Representative Joe Cunningham
Cunningham, a Democrat from South Carolina, said on Friday he had tested positive for the coronavirus, although his symptoms have already begun to improve.
Cunningham said he had been tested a day ago at a local testing clinic. He said he had been in self-quarantine since March 19 after learning he had been in contact with another member of Congress who had tested positive.
Senator Rand Paul
The Kentucky Republican said on March 22 that he had tested positive and was in quarantine. He said he was asymptomatic and feeling fine and was tested out of an abundance of caution. He had been in the Senate and using the gym there in the days before he received his positive result.
Representative Mario Diaz-Balart
The Florida Republican said on March 18 that he tested positive after developing symptoms on March 14. That was less than 24 hours after he and more than 400 other members of the House of Representatives crowded into the chamber to pass a sweeping coronavirus aid package.
Representative Ben McAdams
The Utah Democrat said on March 18 that he had the virus, also having developed symptoms on March 14. In a statement March 24, the 45-year-old said he had been hospitalized and doctors were monitoring his occasional need for oxygen.
WHO IS SELF-QUARANTINED?
Republican Senators Mitt Romney and Mike Lee said on March 22 they would self-quarantine after having spent time with Paul.

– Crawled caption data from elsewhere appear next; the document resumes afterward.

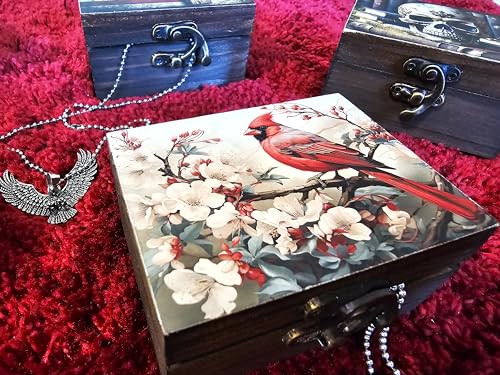 RK Collections Cardinal Trinket Box Small Jewelry Keepsake Box | Bird lovers Gift Idea, Animals Ornaments for Girls, Wome...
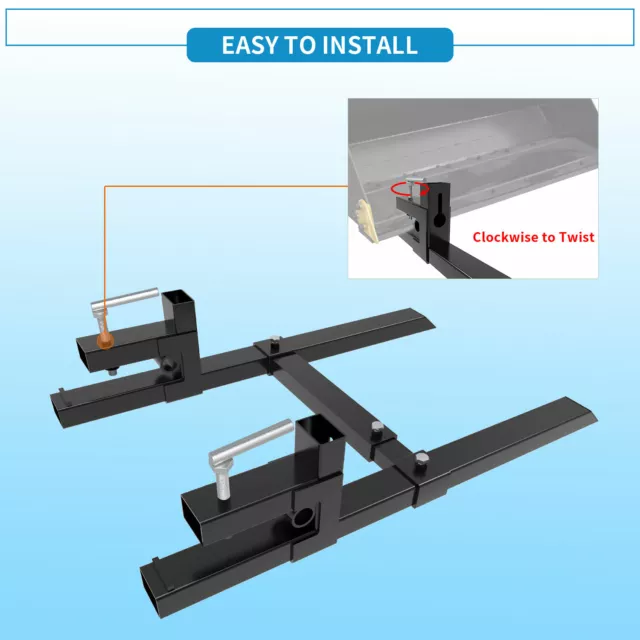 4000Lbs 60" Tractor Clamp On Pallet Forks Bucket Quick Attach W/ Stabilizer Bar 3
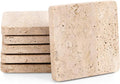 Travertine Coasters Set of 6 Square 3.5 Inch | Marble Coaster by SPESHSTONES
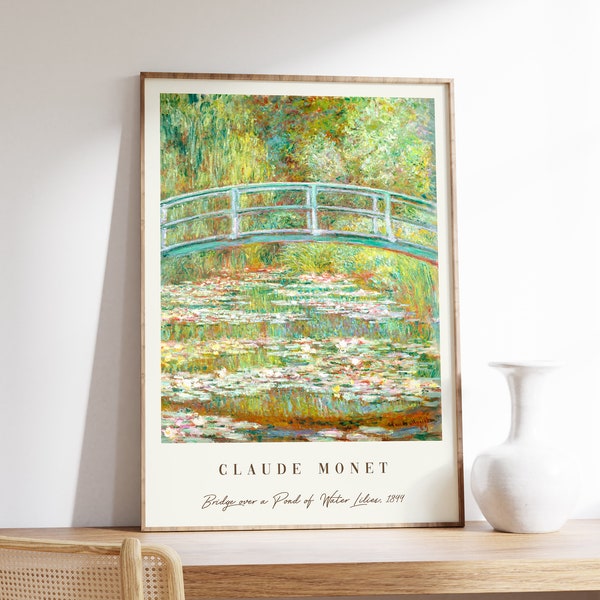 Claude Monet Art Print | Bridge over a Pond of Water Lilies | Exhibition Poster | Monet Wall Art | Monet Poster | Floral Print | Vintage Art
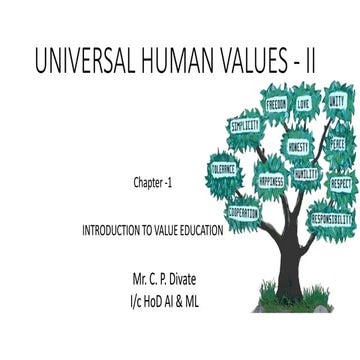  UNIVERSAL HUMAN VALUES - INTRODUCTION TO VALUE EDUCATION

Romney said on March 24 that he had tested negative for the virus but would stay in quarantine.
Paul, Romney and Lee all missed the March 25 Senate vote on the coronavirus bill, along with Senator John Thune, who began to feel unwell and flew home to his state of South Dakota that day. Thune, the Senate’s No. 2 Republican, was feeling better by the next day and was still monitoring his health but was not in quarantine, his spokesman said.
At least four other senators previously self-quarantined. They are Republicans Cory Gardner, Lindsey Graham, Rick Scott and Ted Cruz. All have since returned to public life.
Democratic Senator and former presidential contender Amy Klobuchar said on March 26 that her husband, 52-year-old John Bessler, had been released from the hospital and was now at home recovering from the coronavirus. She had said several days earlier that she was not at risk because she had not seen him for two weeks.
More than two dozen House members have self-quarantined, some after exposure to Diaz-Balart or McAdams, and others after contacts with their constituents or staffers who later tested positive. Not all are still in isolation.
Two prominent Democratic House members, Ayanna Pressley and Katie Porter, said Thursday they had tested negative a day after they began self-quarantine.
Other members who have self-quarantined include: Republicans Steve Scalise, Mark Meadows, Tom Cole, Doug Collins, Drew Ferguson, Matt Gaetz, Paul Gosar and Ann Wagner, along with Democrats Don Beyer, Anthony Brindisi, Julia Brownley, Jason Crow, Sharice Davids, Kendra Horn, Andy Kim, Seth Moulton, Gwen Moore, Stephanie Murphy, Ben Ray Lujan, David Price, Kathleen Rice, David Schweikert and John Yarmuth.